A solução para o fim de toda essa violência,segundo especialistas em educação, passa por diversos métodos como a regulamentação das plataformas das redes socias, a volta de disciplinas de humanas como sociologia e filosofia para preparar o jovem para a vida, investimentos em investigação policial e não em repressão, e ainda envolver a comunidade escolar.
Para o professor e diretor estadual do Sindicato dos Professores do Ensino Oficial do Estado de São Paulo (Apeoesp), Paulo Neves, a solução é aprofundar a relação da comunidade na discussão do problema e desmistificar narrativas implantadas nos últimos anos, ao contrário da proposta de governos que querem ampliar a presença da polícia nos colégios.
“Nos Estados Unidos temos uma sociedade militarizada e isso não impede os constantes ataques terroristas que enfrentam. A alternativa para esse problema é desconstruirmos a narrativa que foi criada nos últimos seis anos, de desvalorização do professor e da escola pública”, diz.

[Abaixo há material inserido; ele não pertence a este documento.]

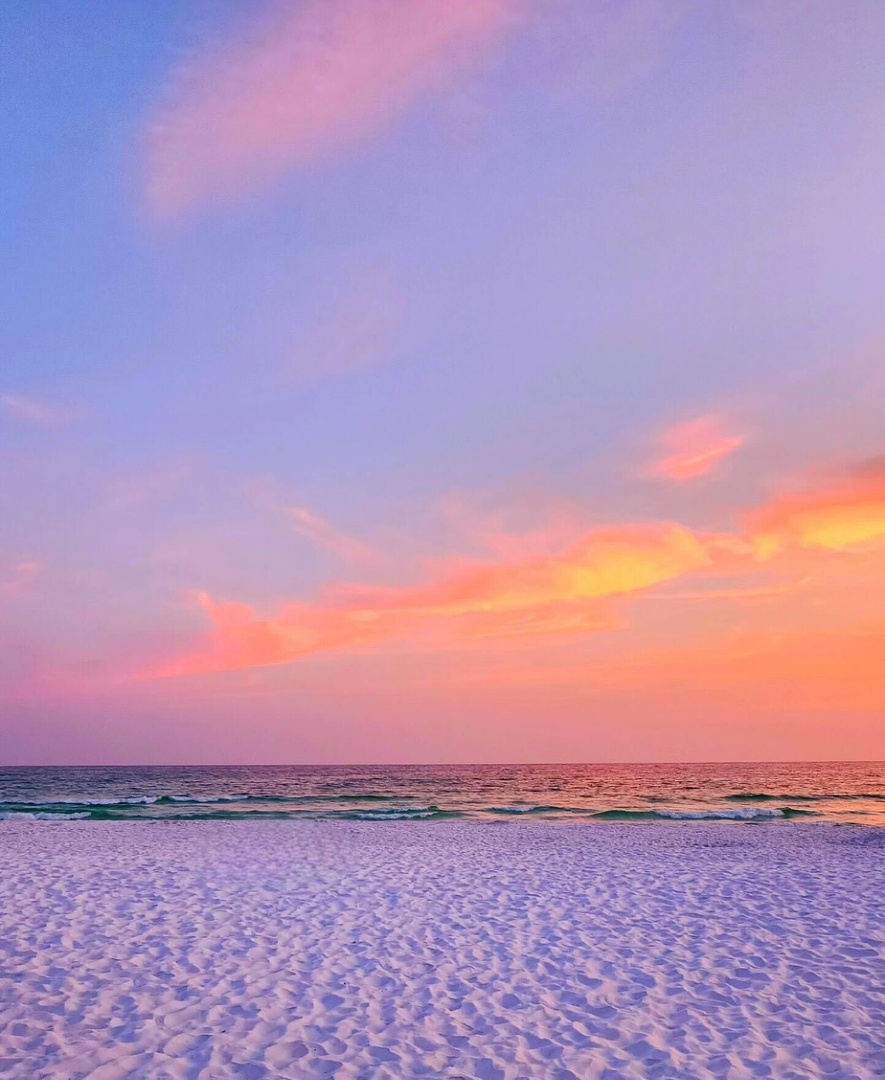 It's a beautiful day to celebrate #SunsetSunday! 😍🌅 Let's see your Florida sunset pics 👇 #VISITFLORIDA 📸 IG: chasingfloridasunsets 📍: 30-A Santa Rosa Beach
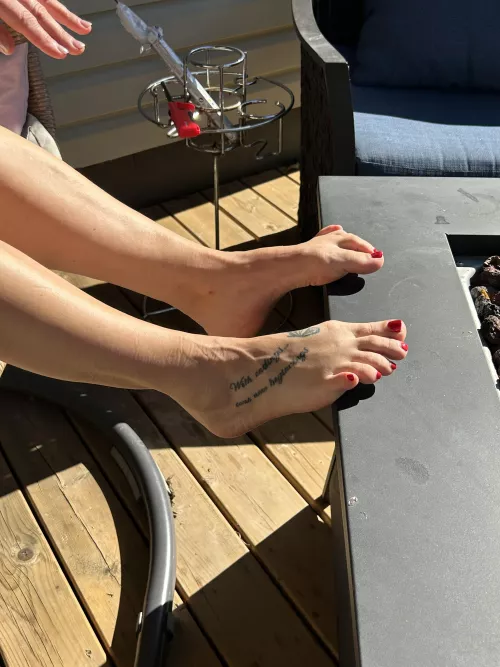 perfect sunny day to go bare foot.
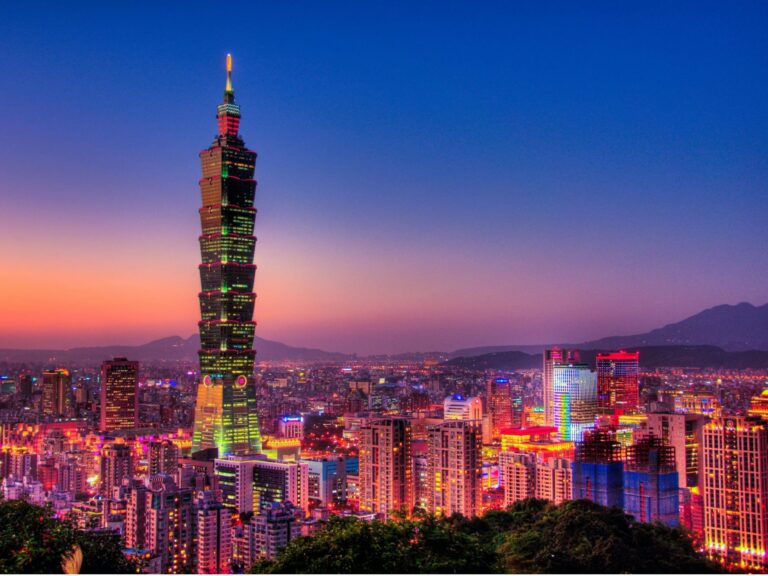 寻味·台湾香港越南越南新加坡美食奇景游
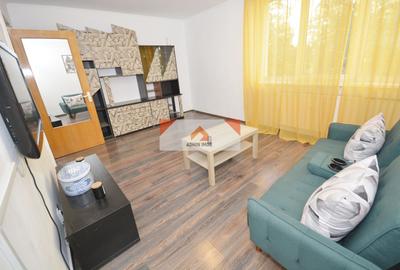 Apartament cu 4 camere decomandat în Drumul Taberei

“A saída é o envolvimento da comunidade, que precisa abraçar a escola e participar ativamente da vida escolar. São os pais, professores e estudantes que vão conseguir frear a onda macabra que se abateu sobre a educação pública ao debater a violência e chamar atenção para importância sobre os valores éticos, o sentimento de solidariedade e empatia e assim romper o ciclo do individualismo que tomou conta do país nos últimos anos”, acrescentou.
Regular a rede
O ambiente digital privado onde os adolescentes se fazem presentes e que inclui as redes sociais, grupos de mensagens, fóruns de debate e games, funciona praticamente sem regras e se torna um ambiente propício para a disseminação de desinformação, discurso de ódio, preconceitos e espaços de articulação e mobilização para as lideranças de extrema direita.
“Isso ocorre em razão de características que vão do modelo de negócios dessas plataformas, baseado na coleta de dados e direcionamento de conteúdos de acordo com o perfil das pessoas, até a interface voltada para capturar a atenção e manter em atividade permanente, explica a coordenadora do Comitê Gestor da Internet (CGI.br), Renata Mielli.
Ela lembra que ao comprar o Twitter, o empresário Elon Musk demitiu milhares de funcionários em todas as áreas, inclusive de moderação e direitos humanos, e “adequou a plataforma à visão de mundo de um homem de extrema direita sem qualquer compromisso com a democracia e com valores éticos”.
Recentemente, a rede social afirmou que um perfil com foto de assassinos de crianças não violava os termos de uso da rede e se recusou a cancelá-lo por não se tratar de apologia ao crime. Por conta disso, diz Renata, as plataformas precisam ser submetidas à uma regulação que estabeleça regras para a prestação de serviços no Brasil.
“O enfrentamento à cultura do ódio e à violência, aflorados na sociedade, hoje, é um desafio que precisa ser tratado em várias frentes. Uma delas é a regulação das plataformas digitais. A outra é a introdução no ambiente escolar, desde muito cedo, uma forte ênfase em literacia digital e educomunicação, abordada de forma multidisciplinar. Mas para fazer isso em escala nacional, os professores e professoras precisam também passar por um processo de formação. O retorno de disciplinas como filosofia e sociologia também são importantes. Acabar com a visão liberal de que a escola é para formar para o trabalho, porque a escola é para formar para a vida”, defende.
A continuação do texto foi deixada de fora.